The movies were different because the story was so much better in GWTW. The trials and tribulations of Scarlett and Rhett were portrayed so well that they carried the movie. The Civil War served as a great back drop and was well integrated into the sophisticated soap opera.
In Australia the story of Lady Ashley and Drover could not carry the movie. The story should have been interesting and dramatic, but for some reason it wasn't. The tone was more Disney-like than dramatic.
The movies were also different because GWTW, although a better movie was at heart a well done propaganda film supporting an insidious and evil world view. GWTW made in clear that the Southern way of life in the ante-bellum years was beneficial to both the slaves and the slave holders. It portrayed and supported a paternalistic view of society in a romantic way. In the context of the movie, having Big Sam volunteer to dig trenches for the South makes perfect sense. GWTW was also a movie telling the North in 1939 America, not to interfere again in the internal racial policies of the South.
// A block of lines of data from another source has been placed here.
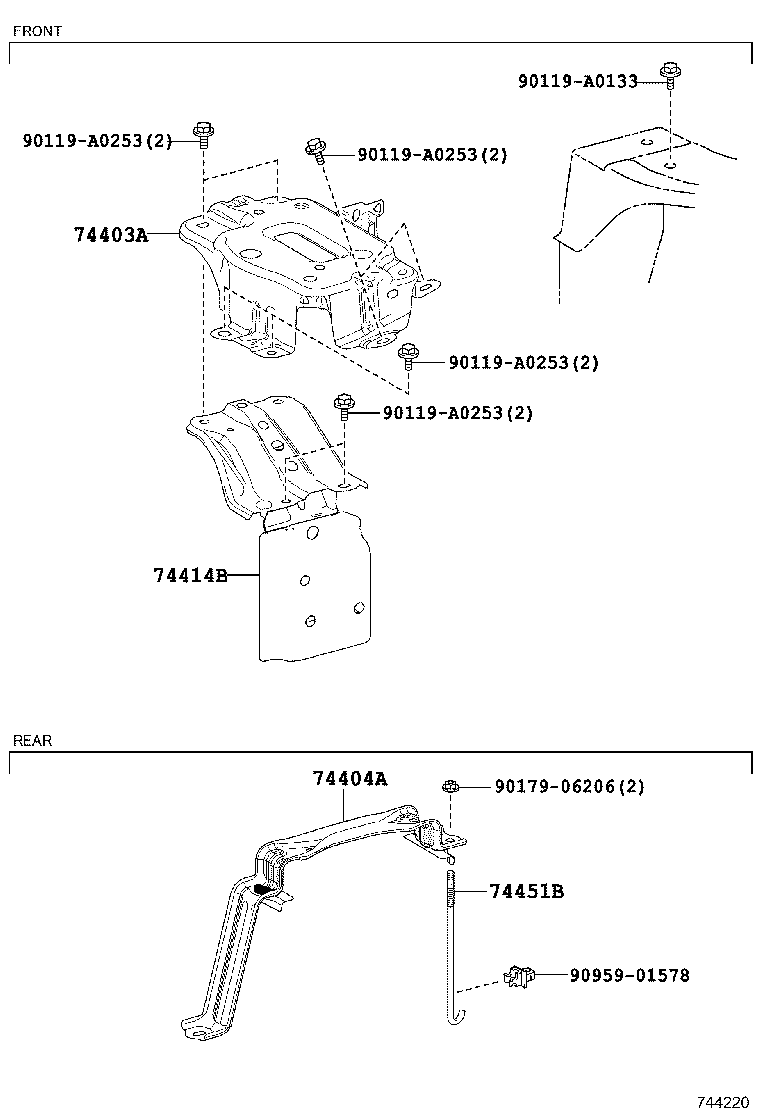 74403-0E010 CARRIER SUB-ASSY, BATTERY product image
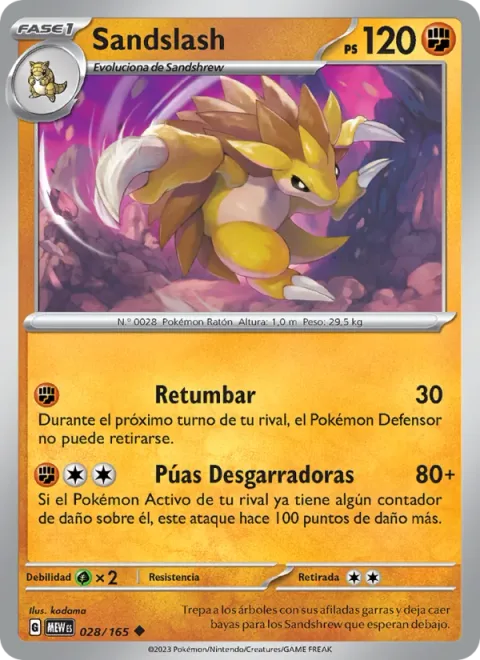 Sandslash [Rumble | Spike Rend]
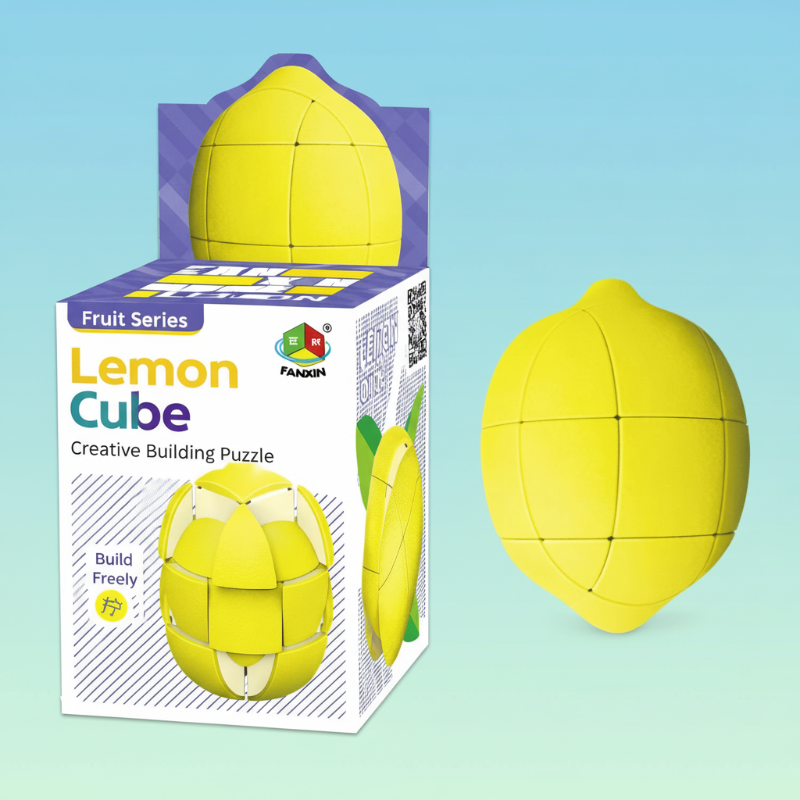 FruitCube – Farverigt og udfordrende – Montessori frugtpuslespil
Australia, on the other hand, supports a world view condemning Australia's past. Drover, who is the hero of the story, had married an Aborigine. He considers his brother-in-law to be his brother. The movie is very strong in its condemnation of Australia's policy of taking mixed race Aborigines from their homes and and trying to turn them into "proper" Australians.
Australia can be looked at as the ant-GWTW. One revels in an evil past and the other abhors it. Australia isn't half the movie GWTW is, but it is by far a more honorable and honest movie.
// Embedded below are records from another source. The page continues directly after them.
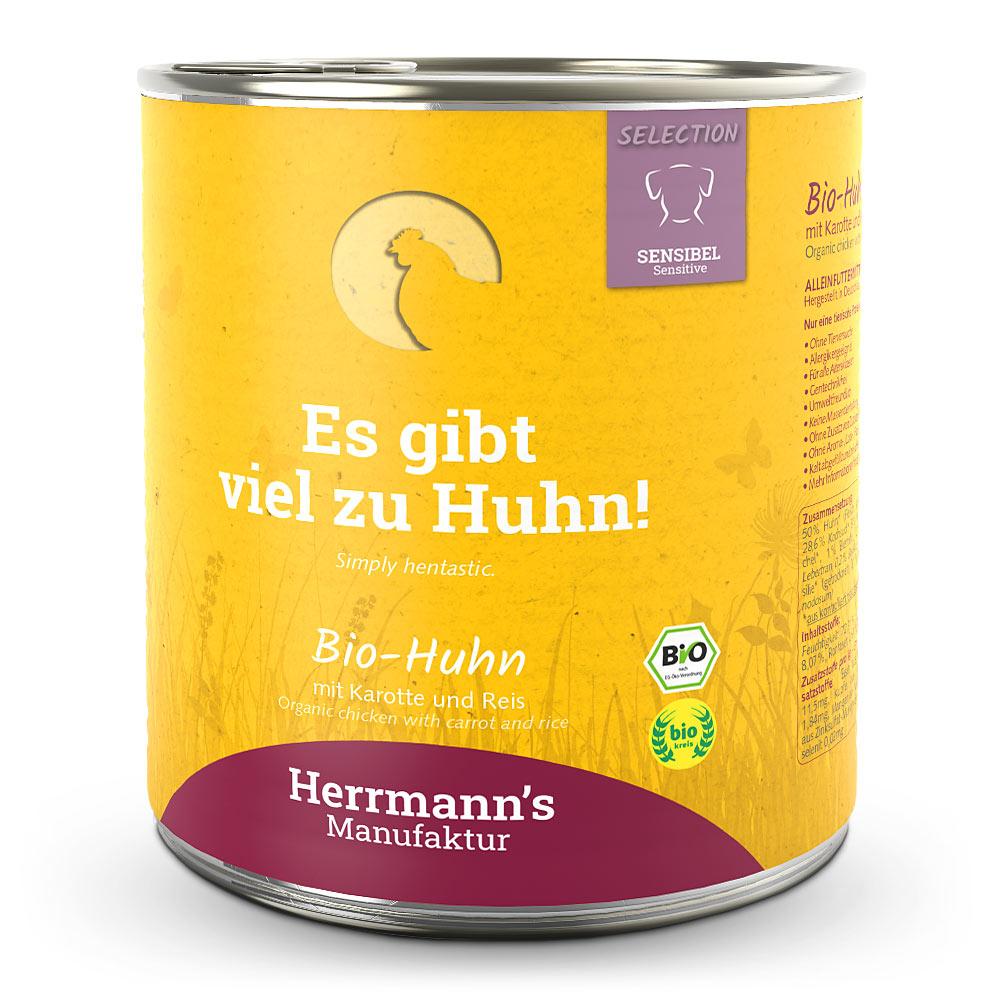 Herrmanns Herrmann's Selection Sensible Bio Huhn mit Karotte & Reis 800 g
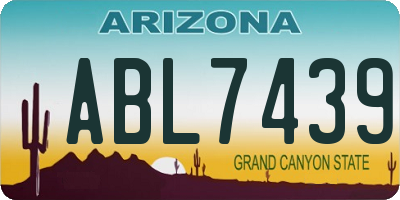 AZ license plate ABL7439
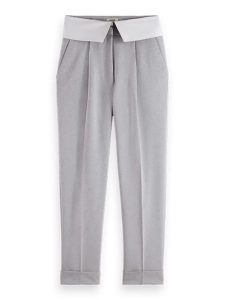 Scotch & Soda Spodnie chino w kolorze jasnoszarym rozmiar: W30. Szare chinosy Scotch & Soda, bez wzorów, z podwyższonym stanem. Za 166,88 zł.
Roger had some problems with the movie presenting the Aboriginal people practicing and believing in magic. He said, "Luhrmann is rightly contemptuous of Australia's 're-education' policies; he shows Nullah taking pride in his heritage and paints the white enforcers as the demented racists they were. But Australia also accepts aboriginal mystical powers lock, stock and barrel, and that I think may be condescending."
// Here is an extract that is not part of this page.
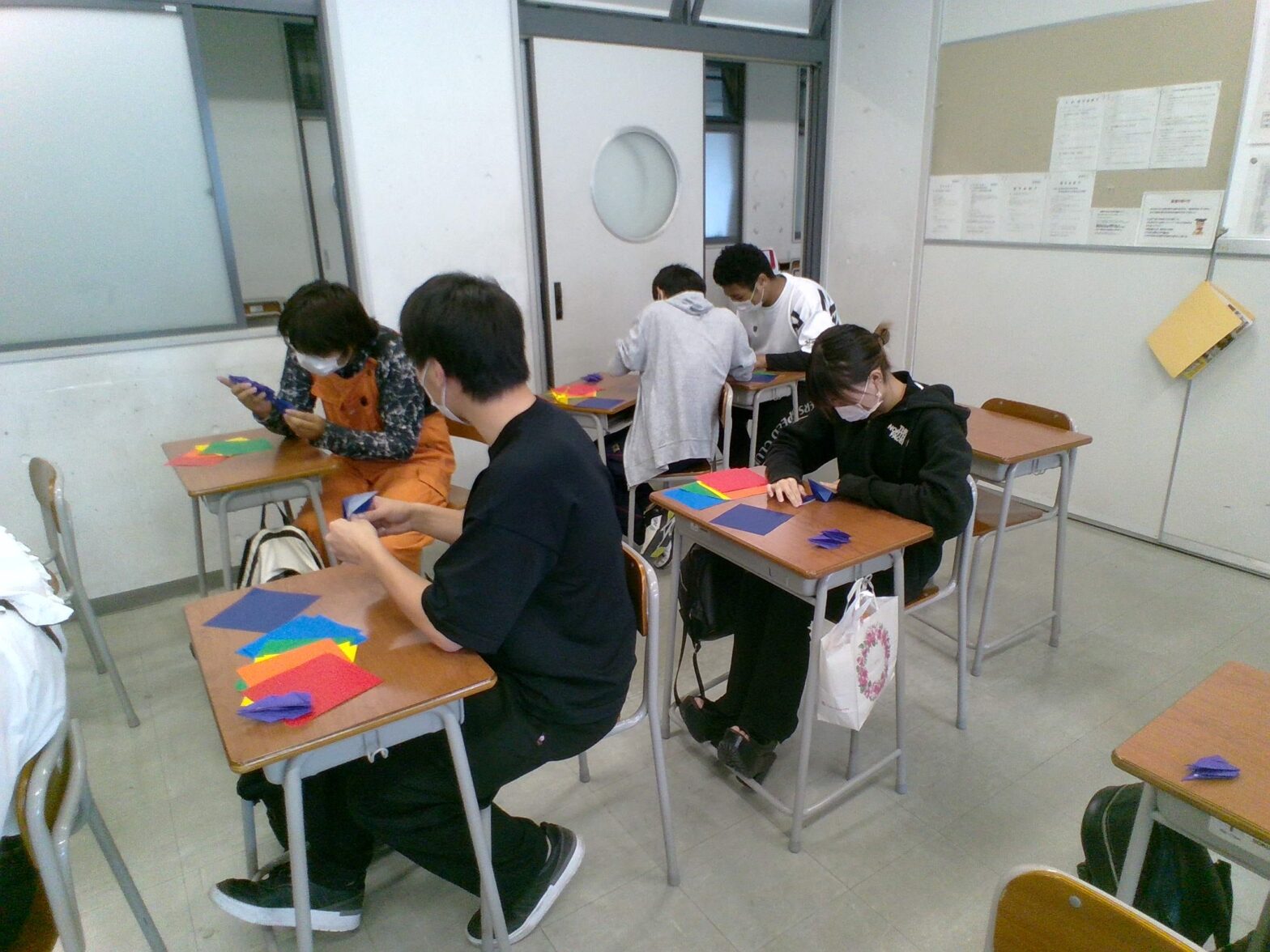 平和七夕まつり 岡山県立烏城高等学校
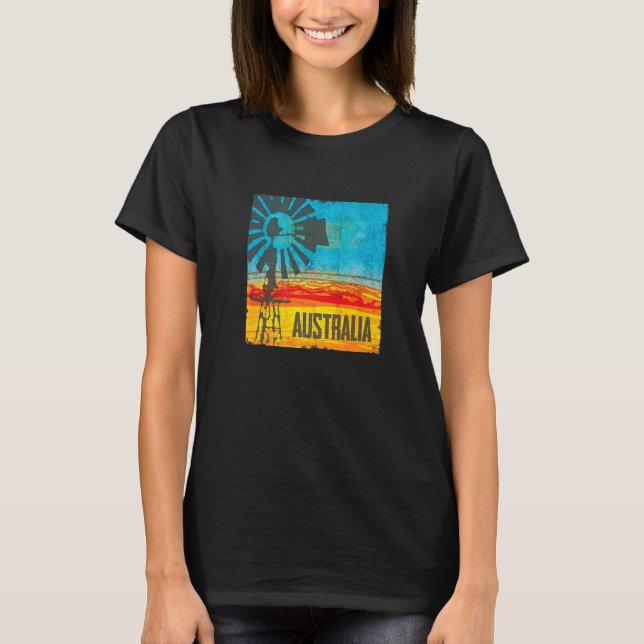 australia windmill T-Shirt (Front)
I know what Roger is saying but I don't agree. The movie is about the aborigine world view and in 1939 they practiced and believed in magic. I think this aspect of the movie is presented in a powerful and beautiful way.
Another thing I found interesting in Australia was the use of another 1939 movie, The Wizard of Oz, as a plot device.
I liked Australia. I think it was a little too long and the main story wasn't presented in a dramatic enough tone. It is definitely worth seeing, even though it could have been much better. I enjoyed the ending. Nullah, like Dorothy, finds out he can go home again.